Es decir ¿la canción se va convirtiendo en lo que quiere ser?

—Sí, de alguna forma sí. Me sale lo que me sale y la definición viene después. Sobre todo musicalmente, porque en cambio las letras las tengo que pensar bastante más.  Le tengo mucho respeto a la música, así que a veces puede ser un vínculo difícil. Por eso, me duele tanto cuando la gente le falta el respeto a la música.

—¿En qué sentido? 

— Cuando no valoran su verdad y la convierten en un negocio.

La música y la mujer

—En tu discurso de agradecimiento en Los Gardel, te referiste al espacio de la mujer en la industria musical ¿Cómo percibes esa situación actualmente?

—Me pareció importante decirlo. Hay que tener en cuenta el espacio de la mujer en estos tiempos, sobre todo en los festivales. Estamos sumergidos en un ambiente machista y antes a veces ni siquiera lo reconocíamos. Si puedo hacer algo para cambiar eso o para que se hable más sobre el tema, me parece importante.

¿Cómo ha sido tu experiencia en ese sentido?

—Al principio de mi carrera, yo no toqué nunca en un festival, siempre quedaba afuera. El año pasado, en cambio, empecé a tocar en un montón de festivales en Argentina y fui bien recibida. De hecho, yo tenía miedo de participar en festivales porque el ambiente era muy masculino, y tenía miedo de que me abuchearan. Mismo cantando con Ciro, la primera vez, pensé que me iban a abuchear, porque era mujer y eso era lo que pasaba antes. Por suerte, fue todo lo contrario, me recibieron súper bien y todo eso fue gracias este movimiento feminista que ha estado ganando estos espacios.

—El camino de la música no es fácil para nadie; pero si eres mujer, es un poco más complicado, seguro.

¿Cuál es tu opinión sobre la Ley de Cupo Femenino en la Música, que entró en vigencia  en Argentina?

—Estoy de acuerdo. Lo que siento es que a veces los organizadores incluyen a mujeres sólo para no ser criticados, así que hay que dar ahora el otro paso, el de hacerlo desde el reconocimiento natural a esa artista y a su música. Algo que quizás afecta es que a veces se encasilla demasiado a los festivales en un solo estilo musical. Yo pienso que los festivales deben ser diversos, porque la música es una sola.

—En tu caso, has sido invitada a realizar colaboraciones con artistas de diversos estilos y trayectorias ¿Cómo te llevas con el trabajo musical en conjunto?

—Me gusta poder participar con otros artistas, agradezco mucho cuando me invitan a colaborar, y siento que es un proceso muy enriquecedor a nivel artístico y que aporta mucho a esa versatilidad. De todos modos, mi corazón y mis sueños más profundos se encuentran en mis proyectos solistas.

—¡En tu bosque!

—¡Claro! y esto no quiere decir que me encuentre sola. En Bosque, por ejemplo, mis hermanos me ayudaron con la producción, mi padre me regaló una letra y mi madre me acompañó a masterizar. De alguna forma, el concepto de bosque es tan amplio, que puedo decir que armé mi propio bosque con esos árboles que me sostienen.
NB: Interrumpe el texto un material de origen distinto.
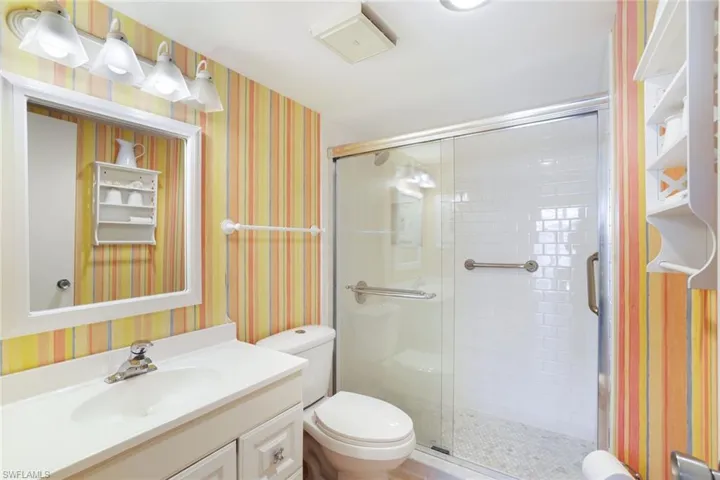 300 Park Shore Dr # 5c, Naples Fl 34103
Actualmente, Rada se encuentra en proceso de composición del que podría ser su próximo disco. Además, se prepara para presentar Bosque en un show en Montevideo, previsto para el 21 de noviembre. 

Según comenta, estaría evaluando la posibilidad de extender la transmisión de ese show en formato streaming para Argentina, donde tuvo que suspender su recital en La Tangente por motivo de la pandemia. “Hay que adaptarse”, asegura, aunque insiste en que espera pronto poder compartir su música (y su bosque) segura y con libertad.